Reference:
F. Ruelens,
B.J. Claessens,
S. Vandael,
B. De Schutter,
R. Babuska, and
R. Belmans,
"Residential demand response of thermostatically controlled loads
using batch reinforcement learning," IEEE Transactions on Smart
Grid, vol. 8, no. 5, pp. 2149-2159, Sept. 2017.
Abstract:
Driven by recent advances in batch Reinforcement Learning (RL), this
paper contributes to the application of batch RL to demand response.
In contrast to conventional model-based approaches, batch RL
techniques do not require a system identification step, making them
more suitable for a large-scale implementation. This paper extends
fitted Q-iteration, a standard batch RL technique, to the situation
when a forecast of the exogenous data is provided. In general, batch
RL techniques do not rely on expert knowledge about the system
dynamics or the solution. However, if some expert knowledge is
provided, it can be incorporated by using the proposed policy
adjustment method.
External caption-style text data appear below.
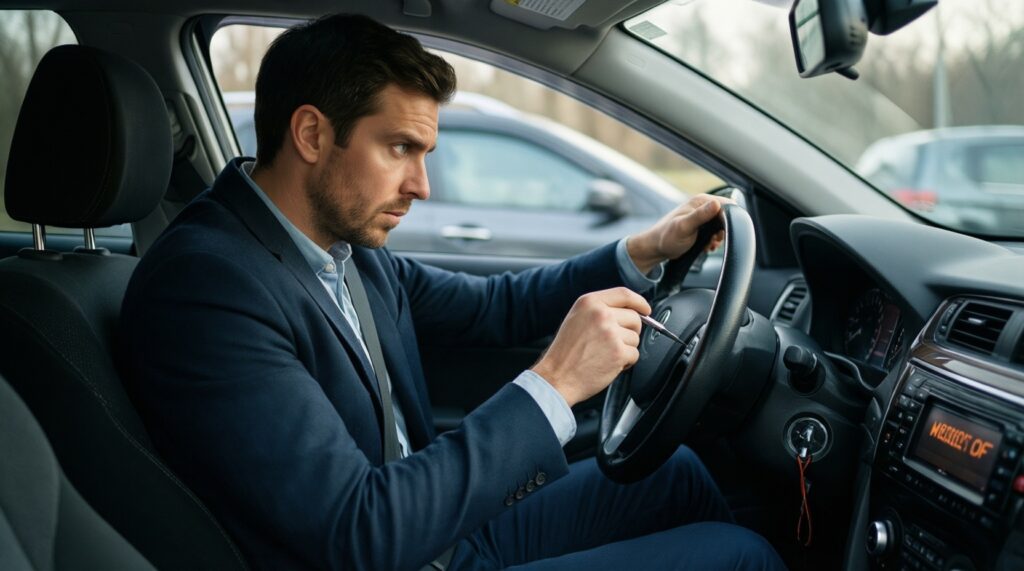 Лучшая видеокарта на вторичке: какие модели брать/избегать и как не попасть на 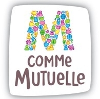 M comme Mutuelle Conseiller(e) Commercial F/H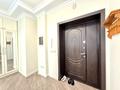3-бөлмелі пәтер · 130 м² · 11/20 қабат, Достык 5/2 — Достык, бағасы: 50 000 ₸ в Астане, Есильский р-н — фото 51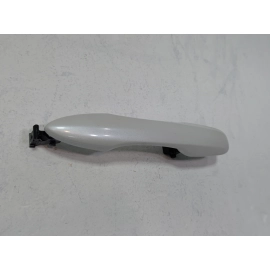TOYOTA CAMRY 2018-2025 REAR LEFT OR RIGHT SIDE DOOR EXTERIOR HANDLE OEM =089=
Finally, we tackle the challenge of finding an
open-loop schedule required to participate in the day-ahead market. We
propose a model-free Monte-Carlo method that uses a metric based on
the state-action value function or Q-function and we illustrate this
method by finding the day-ahead schedule of a heat-pump thermostat.
Our experiments show that batch RL techniques provide a valuable
alternative to model-based controllers and that they can be used to
construct both closed-loop and open-loop policies.